What actually mattered? Which ideas from the course have I used in practice, directly or indirectly? Which felt important at the time but turned out to be peripheral?
What would I prioritize if I were taking it today? Knowing what I know now, which topics would I dig into more deeply, and which would I skim?
The point of this series is not to rehash the entire curriculum or pretend to be an expert in every topic. These posts are meant to be reflections, not tutorials. I'll share what I remember, what I've used, and what I've since learned. I'll be honest about the gaps: places where I never fully understood the material, or where I've forgotten more than I've retained.
Each post will also include a brief look at the field itself: who's working on these problems now, what the open questions are, and how the landscape has shifted. I'm curious whether the problems we studied six years ago are still relevant, or whether the field has moved on.
Why Revisit This Now?
It's been six years since I finished the program. That's long enough for the immediate details to fade but not so long that I've lost the thread entirely. I want to look back while I still remember what it felt like to struggle through a problem set or finally understand a concept that had been opaque for weeks.
The timing also matters because the field has changed in visible ways. Machine learning has gone from niche academic topic to omnipresent tool. RF and wireless systems are now central to 5G infrastructure and IoT deployments in ways they weren't in 2019. Hardware security went from specialized concern to board-level priority.
There's also a selfish reason: I want to see what stuck. I invested two years and significant energy into this degree, and I want to know which parts of it are still with me. Memory is unreliable, and it's easy to overestimate how much you've retained. Going back through the material, even if only at a high level, forces me to confront what I actually know versus what I think I know.
Finally, I think there's value in documenting this kind of reflection. Most discussions about graduate education focus on whether to pursue a degree in the first place, not on what happens after. People want to know if it's "worth it." In reality the utility isn't linear, and it's not always obvious until years later. I want to capture that complexity.
Who This Series Is For
First and foremost this series is for me to reflect. Alternatively, it's for people who are thinking about graduate education and want a ground-level view of what it's actually like. It could also be for people who completed a technical degree years ago and are curious what a masters program looked like between 2018-2020. If you took courses in control systems, RF design, or machine learning in the late 2010s, you might find it useful to see how those ideas have aged and what the field looks like now.
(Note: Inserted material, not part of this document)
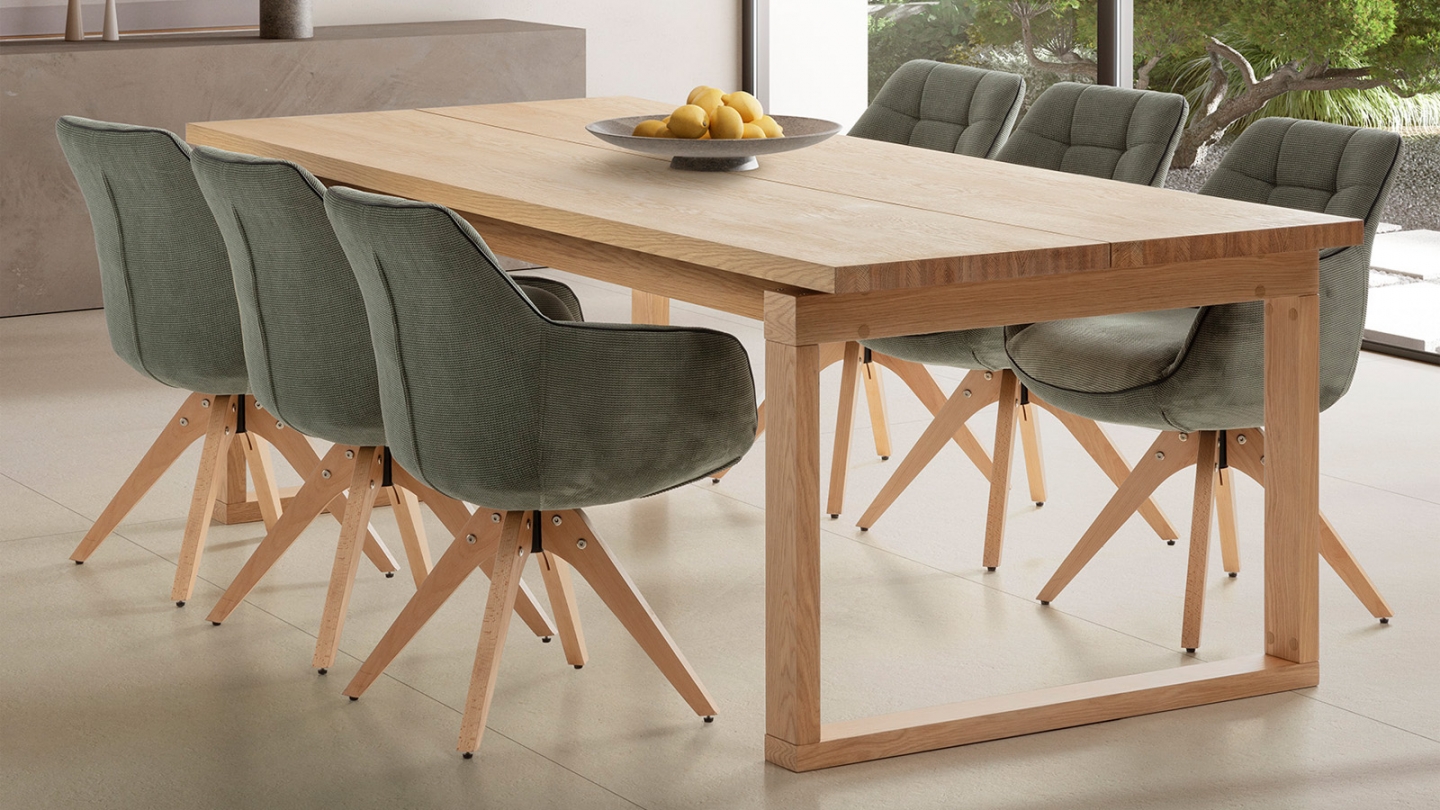 Table à manger rectangulaire en bois, piètement couleur chêne, 220 cm - Line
Lastly, it could be for working engineers who are trying to decide where to invest their learning time. You don't need a master's degree to build expertise, but understanding what a formal program actually covers, and what it doesn't, can help you calibrate your own learning path. If you're self-studying random processes or communication circuit design, these posts might give you context for why certain topics get emphasized and others get skipped.
What's Next
The first post will cover VLSI Digital System Algorithms and Architectures, the course I took in my very first quarter. From there, I'll work through the rest of the curriculum in roughly chronological order, with some exceptions. I'll group the communication circuit design courses together since they form a natural sequence, and I might jump around based on what feels most relevant to write about at the time.
Again the goal isn't to be exhaustive. The goal is to reflect honestly on what the degree gave me, what it didn't, and how the ideas have evolved. If you're here for that, I hope you'll find something useful.